Les gymnosophistes, dont parle Strabon, se mêloient beaucoup de médecine en orient, & se vantoient de procurer par leurs remedes la naissance à des enfans, d’en déterminer le sexe, & de les donner aux parens, mâles ou femelles à leur choix.

Chez les Gaulois, les druides, revêtus tout ensemble du sacerdoce, de la justice & de l’exercice de la Médecine, n’étoient ni moins trompeurs, ni plus éclairés que les gymnosophistes. Pline dit qu’ils regardoient le gui de chêne comme un remede souverain pour la stérilité, qu’ils l’employoient contre toutes sortes de poisons, & qu’ils en consacroient la récolte par quantité de céremonies supestitieuses.

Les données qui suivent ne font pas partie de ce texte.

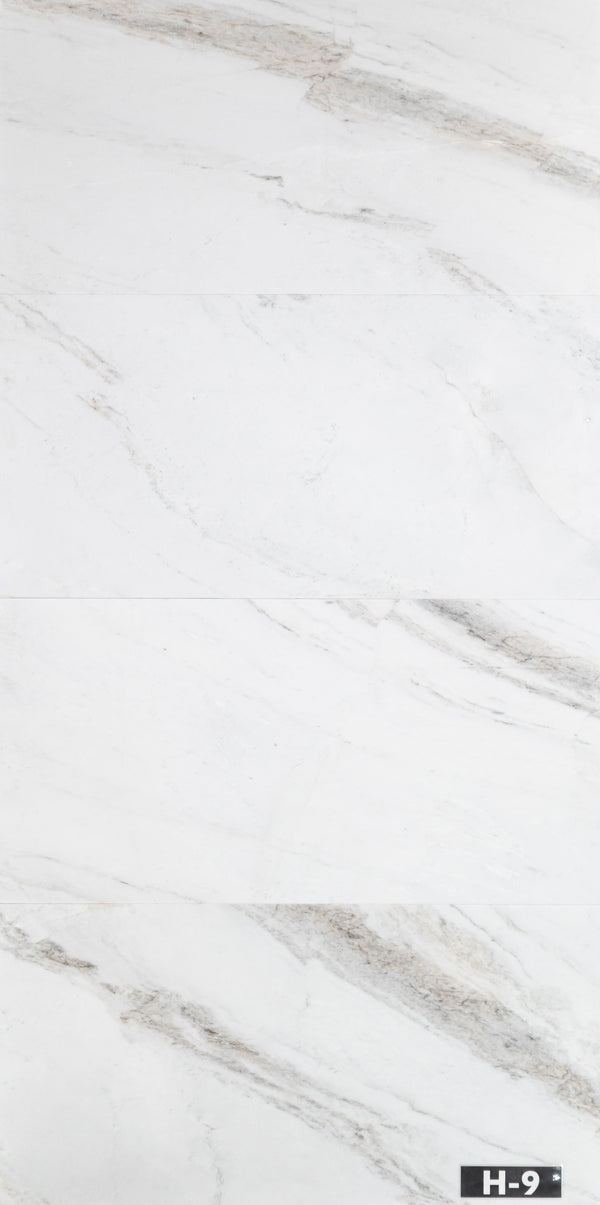Bianco Oro 18" x 36" Honed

Entre les peuples orientaux qui se disputent l’antiquité de la Médecine, les Chinois, les Japonois & les habitans de Malabar, paroissent les mieux fondés. Les Chinois assurent que leurs rois avoient inventé cette science long-tems avant le déluge ; mais quelle que soit la dignité de ceux qui l’exercerent les premiers dans ce pays là, nous ne devons pas avoir une opinion fort avantageuse de l’habileté de leurs successeurs : ils n’ont d’autre connoissance des maladies que par des observations minutieuses sur le pouls, & recourent pour la guérison à un ancien livre, qu’on pourroit appeller le code de la médecine chinoise, & qui prescrit les remedes de chaque mal. Ces peuples n’ont point de chimie ; ils sont dans une profonde ignorance de l’anatomie, & ne saignent presque jamais. Ils ont imaginé une espece de circulation des fluides dans le corps humain, d’après un autre mouvement périodique des cieux, qu’ils disent s’achever cinquante fois dans l’espace de 24 heures. C’est sur cette théorie ridicule que des européens ont écrit, que les Chinois avoient connu la circulation du sang long-tems avant nous. Leur pathologie est aussi pompeuse que peu sensée : c’est cependant par elle qu’ils déterminent les cas de l’opération de l’aiguille, & de l’usage du moxa ou coton brûlant. Ces deux pratiques leur sont communes avec les Japonois, & ne different chez ces deux peuples, qu’en quelques circonstances légeres dans la maniere d’opérer. En un mot, leur théorie & leur pratique, toute ancienne qu’on la suppose, n’en est pas pour cela plus philosophique ni moins imparfaite.